BEGIN Records supplied

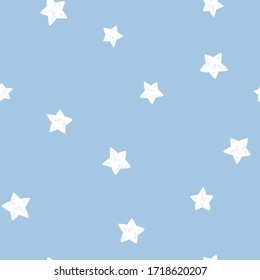Starry sky seamless pattern. White stars on a blue background. Vector simple childish hand-drawn background in cartoon style. ideal for textiles and baby clothes.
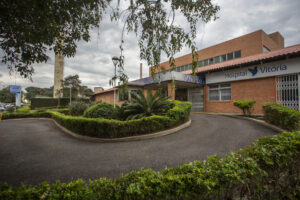 Foto da fachada do hospital Vitória. Uma rua pavimentada faz uma curva vindo de longe da esquerda, curvando próximo à câmera e se distanciando novamente à direita. O hospital é feito de tijolos alaranjados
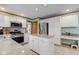 Spacious kitchen with stainless steel appliances, white cabinetry, and granite island at 222 Wellington Pkwy, Noblesville, IN 46060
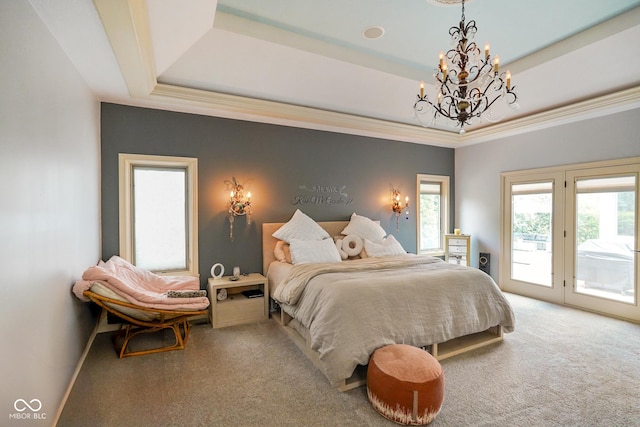 286 S Woodridge Dr, Pittsboro, IN 46167 - bedroom with a chandelier, a raised ceiling, access to outside, and carpet floors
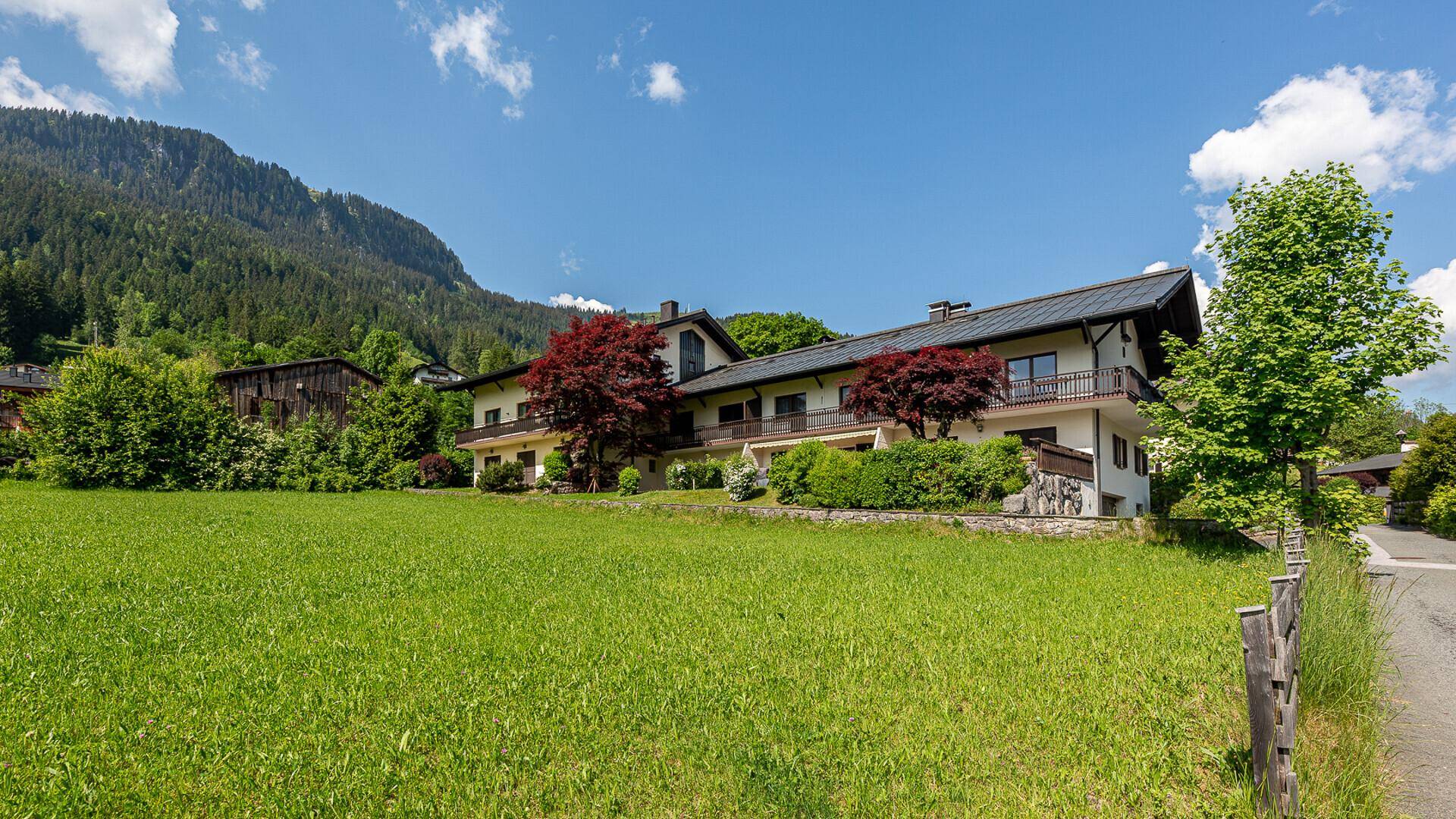 Großes Wohnhaus mit weitläufiger Rasenfläche und beeindruckendem Bergpanorama unter blauem Himmel.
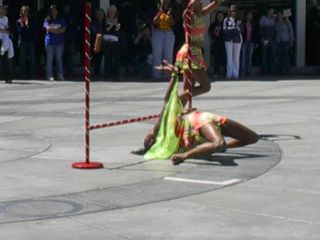 One dancer doing a low limbo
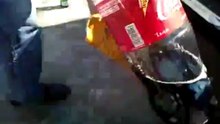 Cleaning a rusty bumper with Coca-Cola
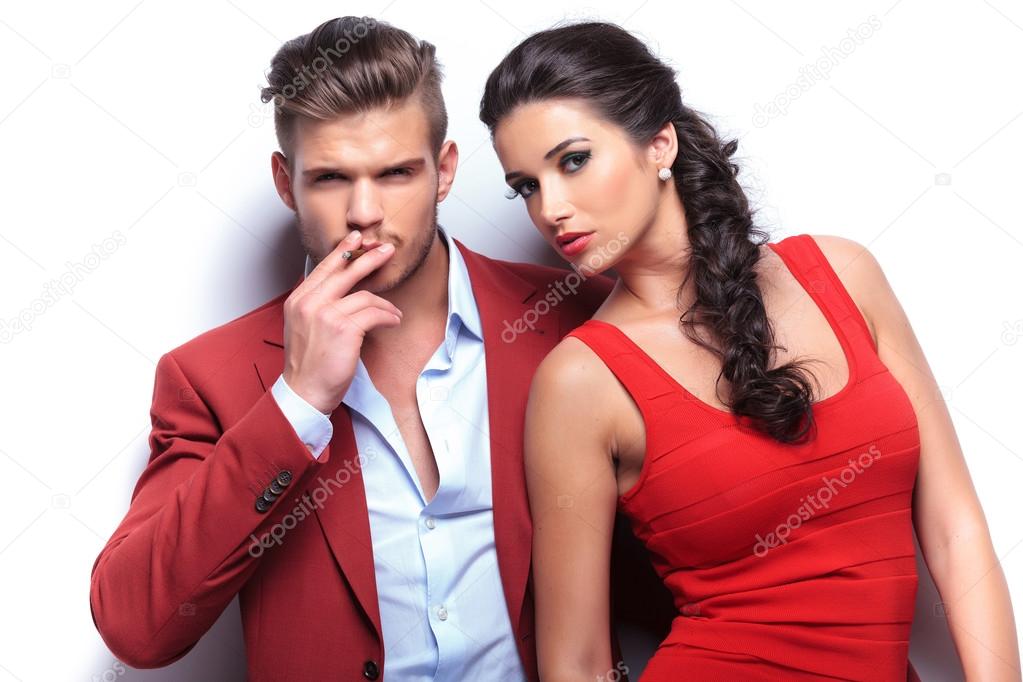 smoking hot fashion couple looking at the camera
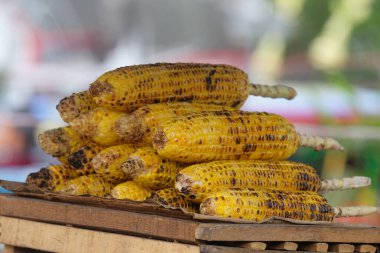 A pile of roasted corn sold on the street. Grilled corn with sweet and savory taste. Abstract shapes, patterns and textures clipart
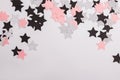 Silver, pink and black paper stars isolated on white background.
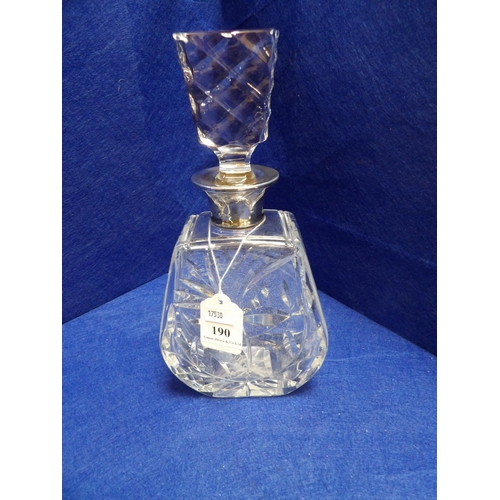 190 - A crystal decanter with solid silver mount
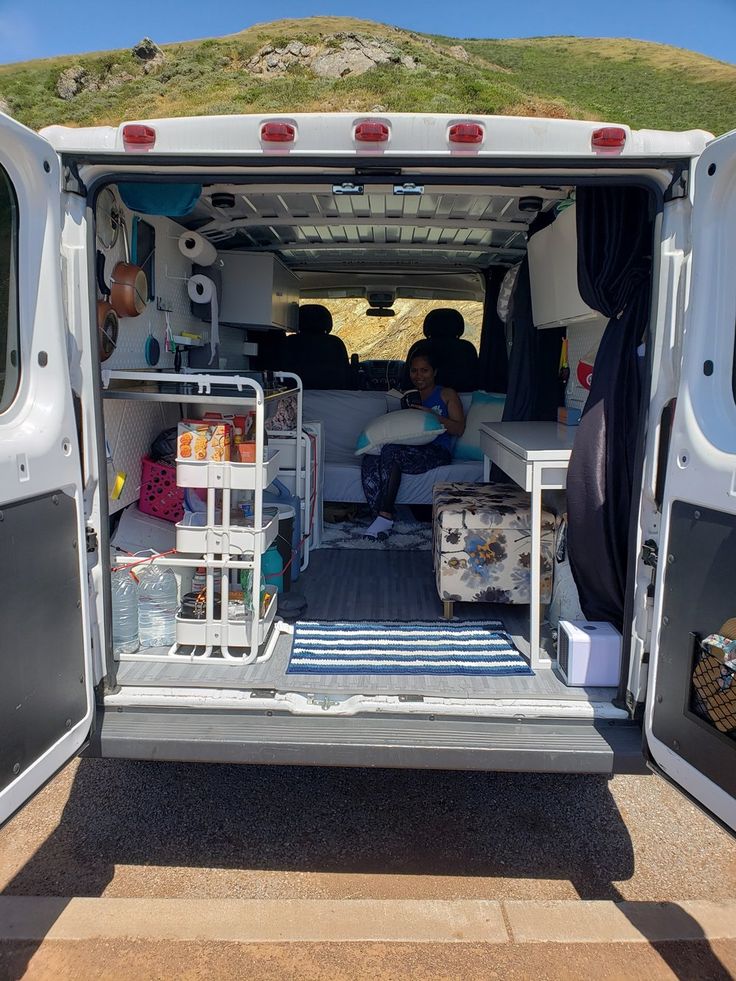 the back end of a van with its doors open and two people sitting in it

END Records supplied

▶ Exercise directions: Please output, exactly and with no pictures, only the lines from the one containing "smoking hot fashion" through the final line of the records above.

▶ Solution for this problem:
 smoking hot fashion couple looking at the camera
 A pile of roasted corn sold on the street. Grilled corn with sweet and savory taste. Abstract shapes, patterns and textures clipart
 Silver, pink and black paper stars isolated on white background.
 190 - A crystal decanter with solid silver mount
 the back end of a van with its doors open and two people sitting in it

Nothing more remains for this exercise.